Se concretó el respaldo masivo de hinchas de fútbol, trabajadores independientes o sindicalizados y numerosos compatriotas que marcharon a Congreso y adyacencias para respaldar la habitual marcha de los jubilados de cada miércoles. A esta hora, cacerolazos en diferentes puntos de Capital Federal y otras ciudades del país, y una movilización espontánea rumbo a Plaza de Mayo.
Así empieza. Lamentablemente es algo que ya podemos intuir, pero no saber a ciencia cierta, cuándo ni cómo termina.
El gobierno nacional, desde la cara visible de la ministra Patricia Bullrich, le declaró formalmente la guerra al sistema democrático y al conjunto de los habitantes de nuestro país que nos sentimos cobijados y, en términos generales, integrados en la convivencia pacífica de una democracia limitada, pero democracia al fin, con 41 años de continuidad.
Afirma el excelente periodista Gabriel Fernández, de La Señal Medios: «ES TIEMPO. La situación se les ha descontrolado. Subrayen los nombres de los periodistas que descargan la responsabilidad en los «barras bravas»: esos, son los que cobran para mentir. La responsabilidad es del gobierno que promovió la represión sobre una marcha pacífica. La ministro de Seguridad, Patricia Bullrich, debería renunciar y ser enjuiciada».
Durante la tarde hubo una movilización muy numerosa, a la cual concurrió el periodista local e integrante de este medio, Manuel Garrido, quien se bancó estoicamente los efectos de los gases y la represión de las mal llamadas «Fuerzas de seguridad» , y nos trajo una amplia cobertura con testimonios de participantes que esta tarde coparon Congreso y alrededores para respaldar las marchas de los jubilados, en reclamo de haberes más dignos.

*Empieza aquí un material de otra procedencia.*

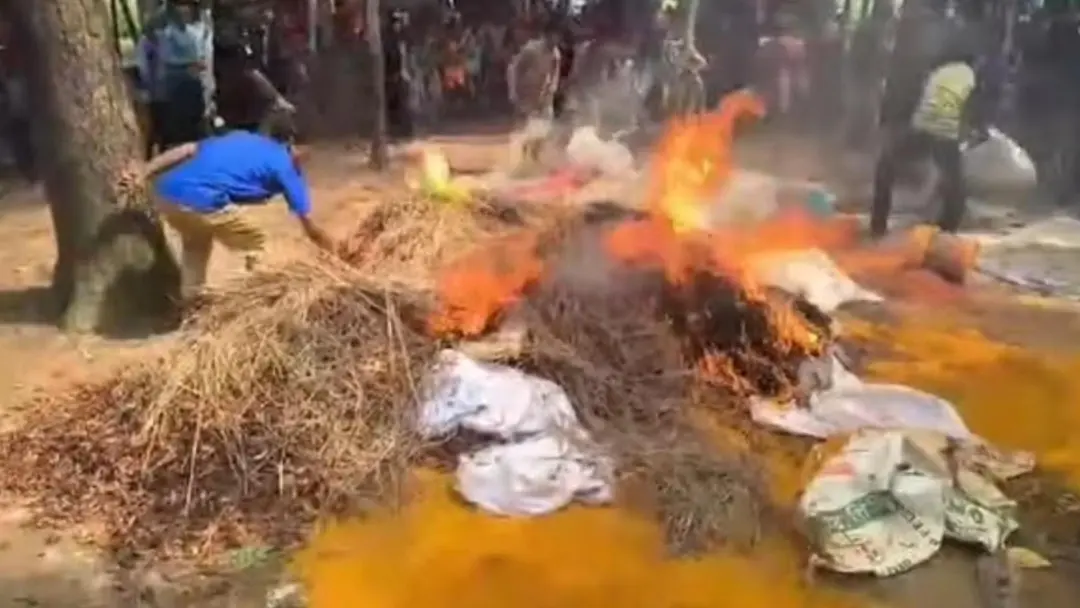 গাইবান্ধায় ৬০ মণ ভেজাল হলুদ-মরিচের গুড়া পুড়িয়ে ধ্বংস, জরিমানা দেড় লাখ গাইবান্ধায় ৬০ মণ ভেজাল হলুদ-মরিচের গুড়া পুড়িয়ে ধ্বংস, জরিমানা দেড় লাখ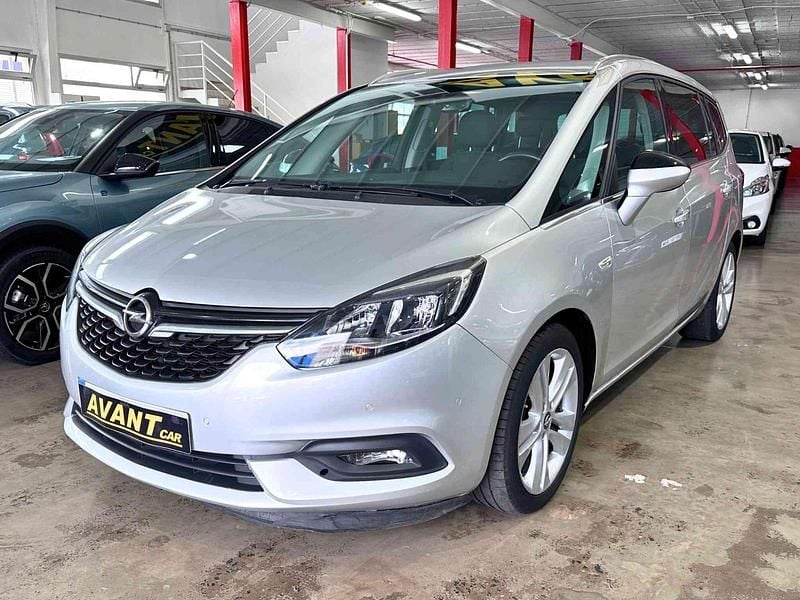 Usado Opel Zafira Innovation 136 CV (100 kW) 2019 Gris Monovolumen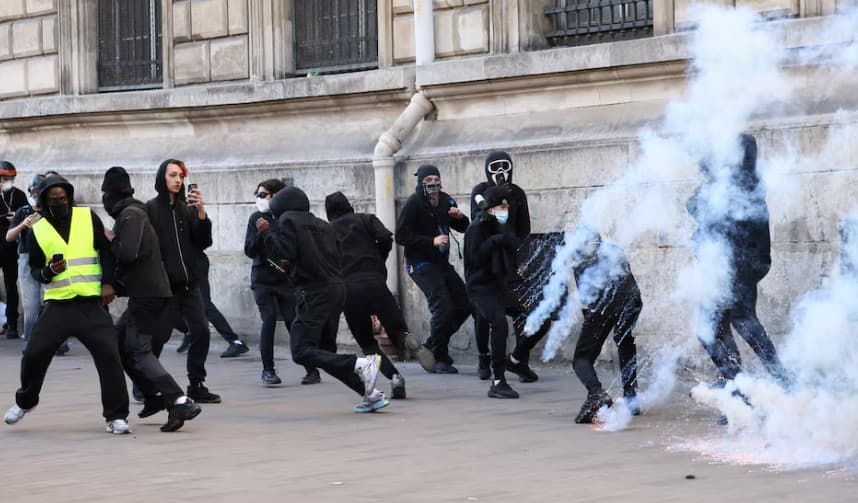 French Interior Minister reports 1800+ arrests during protests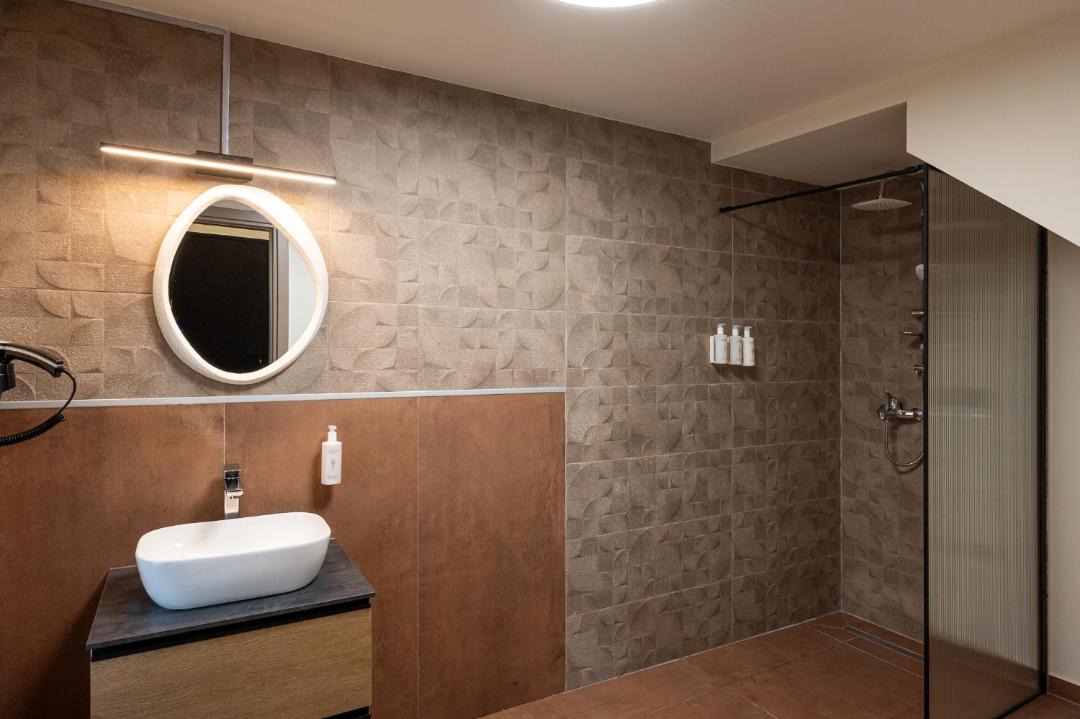 Photo of Bathroom in Korinos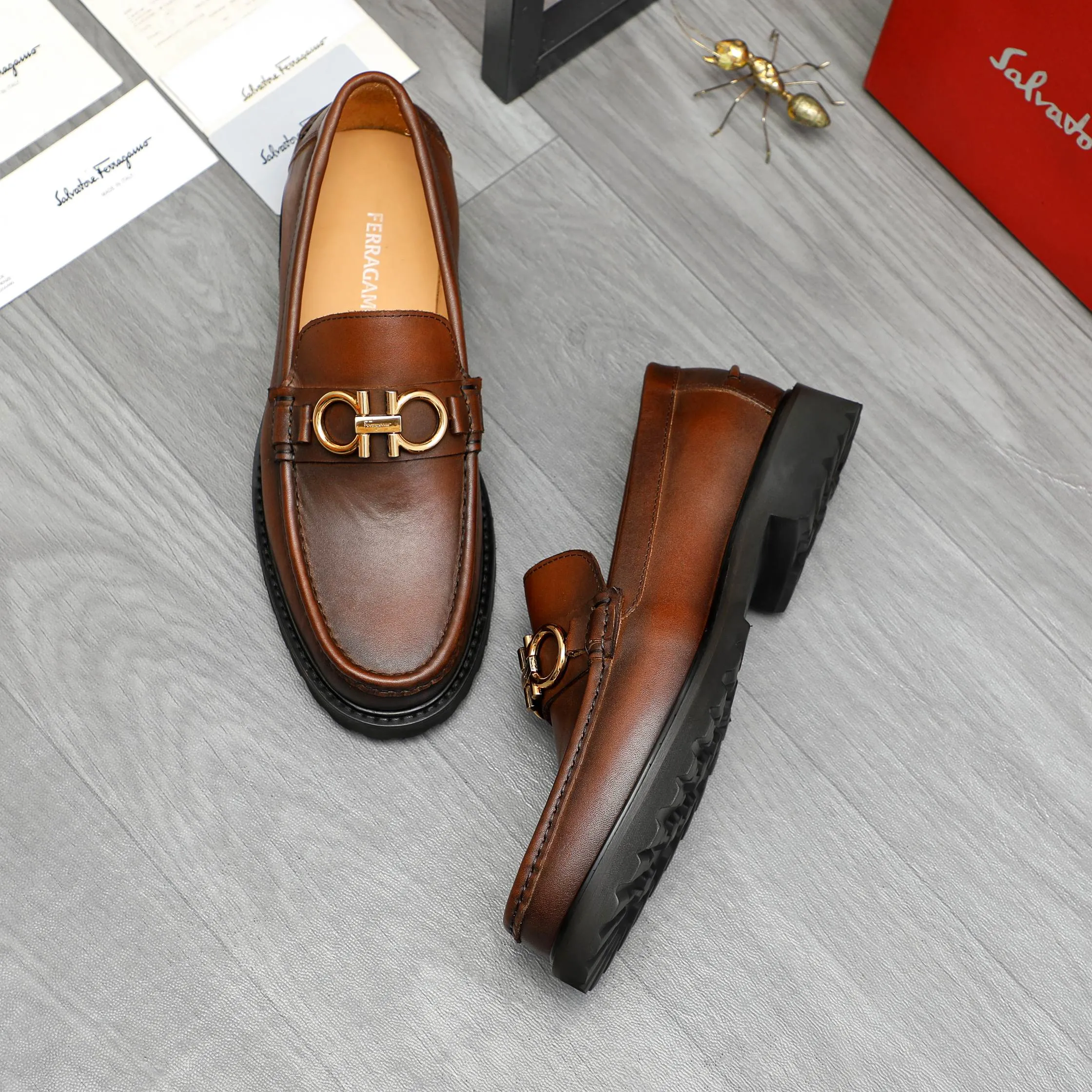 Men's shoes 💰442 Product trademark: Ferragamo "Ferragamo" business formal leather shoes Regular size: 38-46 (45.46 custom-made and non-returnable) Product materials: Selected color-brushed cowhide upper, cowhide lining, non-slip rubber outsole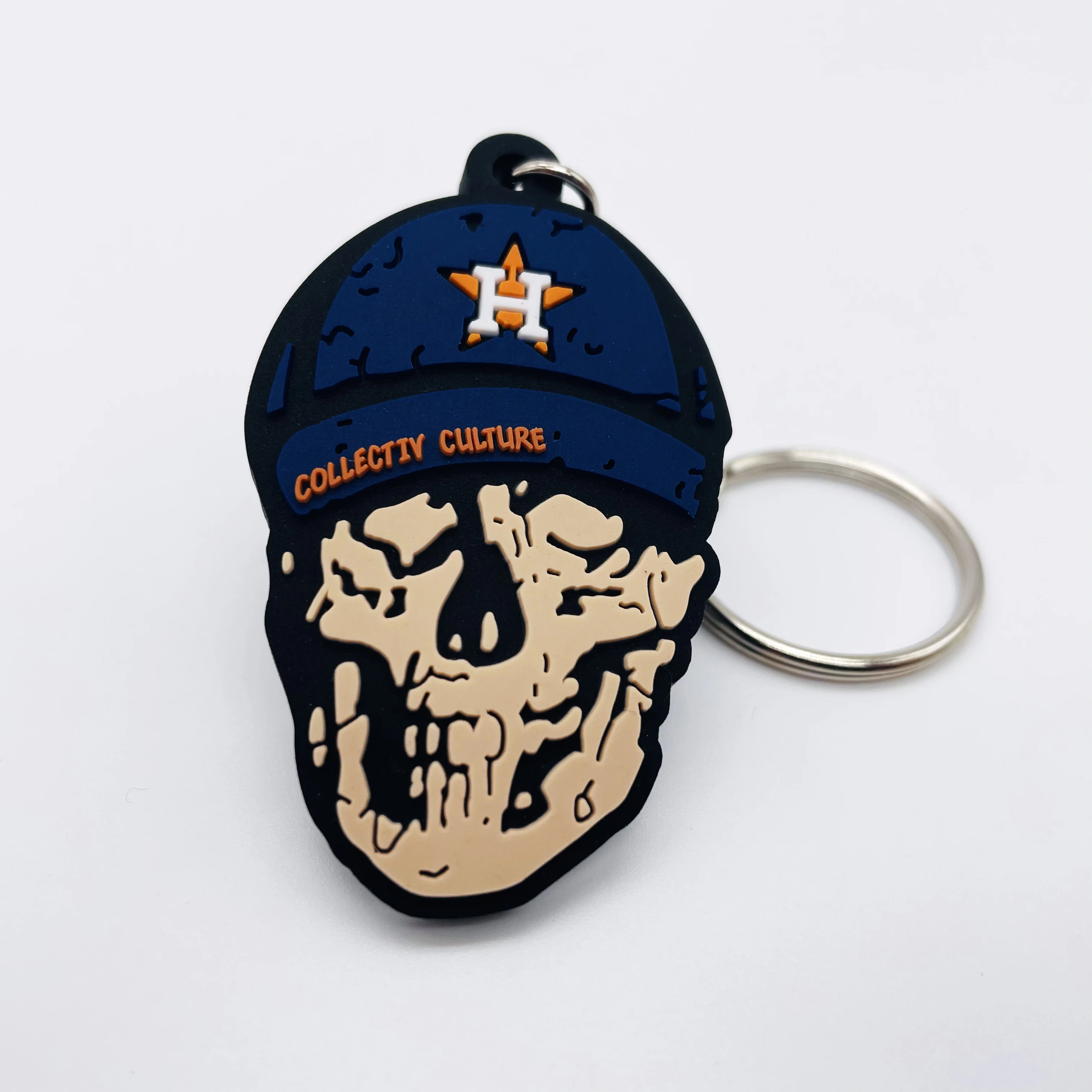 Wholesale cute design keychain custom logo 2d soft pvc brand name keyring key chain rubber kawaii keychains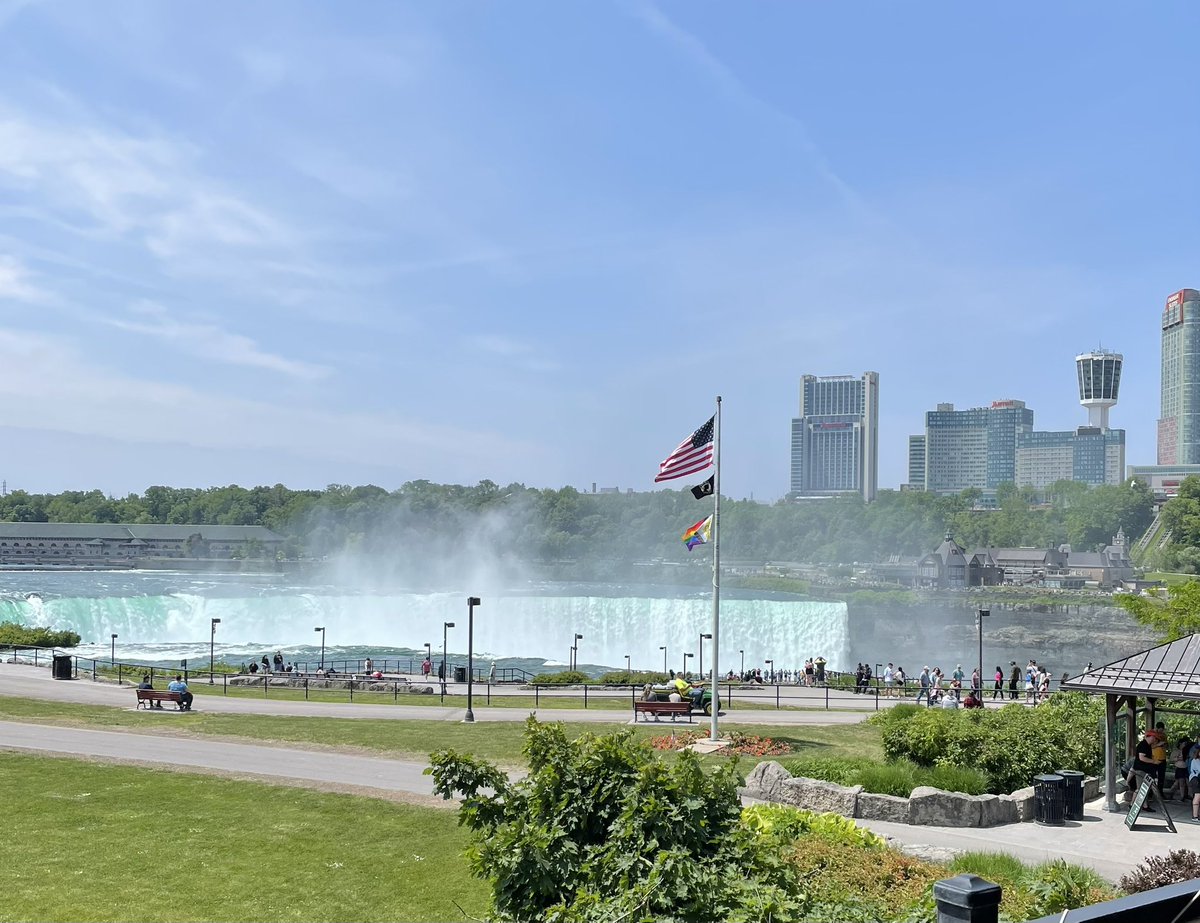 Hava_Hadi's tweet photo. @catturd2 Also on Flag Day at Our Beautiful Niagara Falls Park and Border. SMH! https://t.co/OVG3tKUrRA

Previo a la feroz represión policial, que continúa hasta horas de la noche, y que ocasionaron mumerosos heridos de distinta gravedad, decenas de detenidos y un fotógrafo que se deba te entre la vida y la muerte, siendo intervenido quirúrgicamente en el hospital Argerich, luego que le apuntaran y partieran el cráneo con un cartucho de gas lacrimógeno mientras realizaba su trabajo, ni más ni menos. El fotógrafo Grillo padeció numerosas fracturas de su cráneo con pérdida de masa encefálica. Hay responsables directos, y hay quienes tomaron dichas decisiones políticas. Por si fuera poco, en posterior conferencia de prensa, la ministra Bullrich se limitó a reforzar sus estigmatizaciones, en este caso tildando al joven fotógrafo malherido de «militante K», prácticamente como si ello fuera un argumento suficiente para avalar todo lo que sucedió. Aberrante es demasiado suave adjetivación para sintetizar esas actitudes emanadas desde el oficialismo.
«La gente se despierta y dijo a los viejos no vamos a dejarlos solos», se esperanzó un abuelo en conversación con Manuel Garrido.
«Policía, policía / no te lo decimos más / si los tocan a los viejos / qué quilombo se va a armar…» cantaban hinchas de múltiples clubes de futbol, el indudable deporte más popular, pasión de multitudes.
«Esta movilización se va a triplicar» preanunciaba un simpatizante de fútbol, como tantos otros.
«Acaban de encender la mecha. Es hasta acá. Y acá se termina», clama un ciudadano de la Ciudad de Buenos Aires, autoconvocado tanto a respaldar a los jubilados frente al Congreso, como esta noche marchando hacia Casa de Gobierno para repudiar su accionar que atenta contra los derechos esenciales de la vida en democracia.
«Paro general» reclamaban trabajadores y trabajadoras de la salud enrolados en la CICOP. Como respuesta a los innumerables reclamos de medidas de fuerza por parte de la principal central sindical de nuestro país, la CGT esta noche prometió evaluar futuras medidas para repudiar los atropellos a los jubilados y la represión sistemática de la que se vale el gobierno para intentar acallar toda voz disidente.
Al cierre de esta nota, las imágenes televisivas exponen una masividad significativa de ciudadanos porteños que avanzan por avenida Corrientes rumbo a la Plaza de Mayo.
Es evidente que la situación llegó a un punto límite, y todo se le salió de control al gobierno de neta raíz represora. Como un deja vu sin solución de continuidad, cada estructura gubernamental que le entregó poco menos que un cheque en blanco en distintas carteras a la actual titular de Seguridad, acaban en un profundo divorcio con la mayoría de la sociedad, cada vez más reducidos a un microclima únicamente sostenidos por sus laderos de las diferentes fuerzas de «seguridad» que bailan esa misma y patética canción.